Bu çeşit aktiviteler yapmak daha derin nefes alma alışkanlığı kazanmanıza yardımcı olur, ki bu da beyniniz için çok faydalıdır. Yukarıda bahsettiğimiz gibi, beyninize mümkün olduğunca bol oksijen gitmeli!
5. Üç beyniniz için beslenin
Omega 3 gibi yağ asitleri beynimiz için gerekli bir besin kaynağıdır. Omega 3, beynin hafıza ve öğrenme merkezinde (serebral korteks ve hipokampüs) birikme eğilimindedir. Ancak beynimiz kendi kendine omega 3 üretemez, bu yüzden de beslenmenize bu yağ asidini eklemelisiniz.
Birçok bilimsel araştırma, günde yeterli miktar omega 3 alındığında nöron kaybının yavaşladığını, hatta nöron üretiminin arttığını gösteriyor. Omega 3 seviyeniz düşükse depresyona yatkınlığınız da artıyor.
Bunların yanı sıra, lif ve laktik mayalar ile meyve sebze bakımından zengin bir beslenme de önemlidir. Böylece bağırsaklarınız sağlıklı kalacak ve orada bulunan mikroorganizmaların yaşayabilmesi için uygun ortam korunacaktır. Bunlardan kimi zaman “ikinci ve üçüncü beyin” olarak da bahsedilir.
Bütün bu veriler, sağlıklı bağırsakların beyin hücrelerinin üretimi için gereken her türlü molekülü arttırdığını ortaya koyuyor. Bu yüzden beyninizin iyiliği için ihtiyacınız olan bütün yağ asitlerini ve lifi tüketin.
6. Kitap yazın
2018 yılında yapılan bir araştırmada yaratıcı yazarların beyin kapasiteleri ölçüldü ve beynin üretici, organize ve analiz eden fikirlerin çıktığı bölgesindeki gri madde yoğunluğunun fazla olduğu anlaşıldı. Yani burada kitap yazarken ihtiyacınız olan şeylerden bahsediyoruz. Yaratıcı yazarlar beyinlerini çalıştırırken uzun süreli hafıza gerektiren görevlerle uğraşıyorlar.

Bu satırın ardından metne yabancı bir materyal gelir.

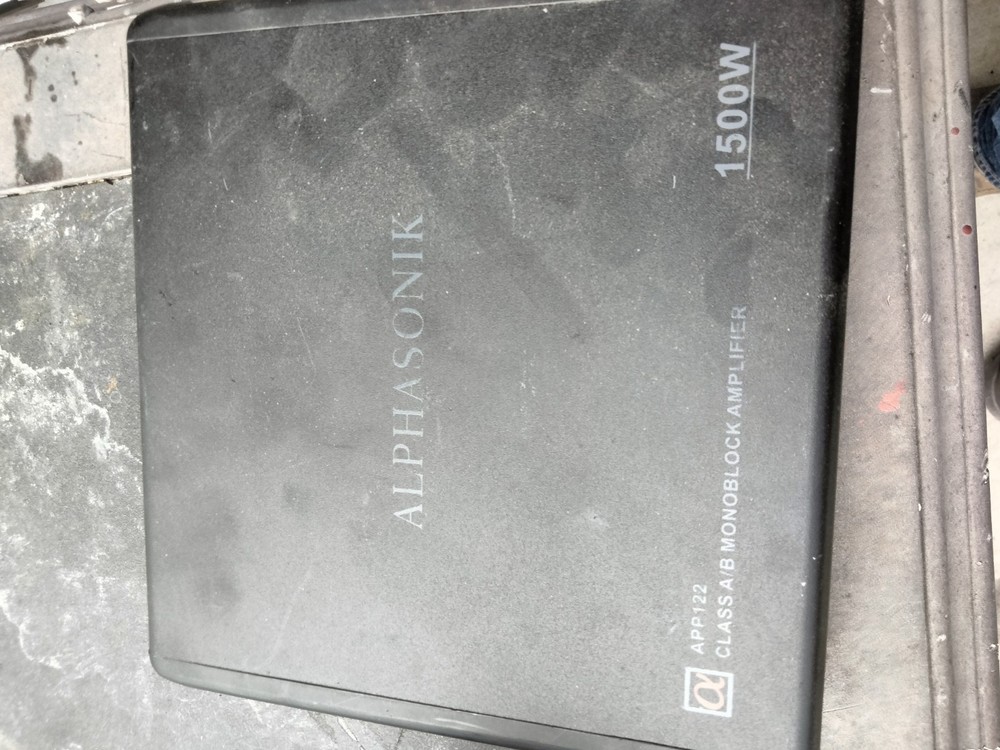 alphasonik amplifier APP-122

7. Yaratıcı yanınızı kullanın!
Yazmak size göre değilse bile görsel sanatlar, drama veya yaratıcılığı çalıştıran herhangi bir aktiviteyi yapmak yeni nöronlar üretilmesini sağlıyor. Yaratıcılık, beyninizin en çok enerji harcadığı ve beyni en çok uyaran şeylerden biridir. Yaratıcı olmak insan doğasının derinliğini yansıtır.
Sadece bu yazıyı yazmamın bile birkaç nöron üretmeme yardımcı olması fikri çok güzel! Eğer bunu okurken yürüyor ya da müzik dinliyorduysanız muhtemelen aynı şey sizin de başınıza geldi. Harika, değil mi?
Bu metin yalnızca bilgilendirme amaçlı sunulmuştur ve bir profesyonelle görüşmeyi yerine geçmez. Şüpheleriniz varsa, uzmanınıza danışın.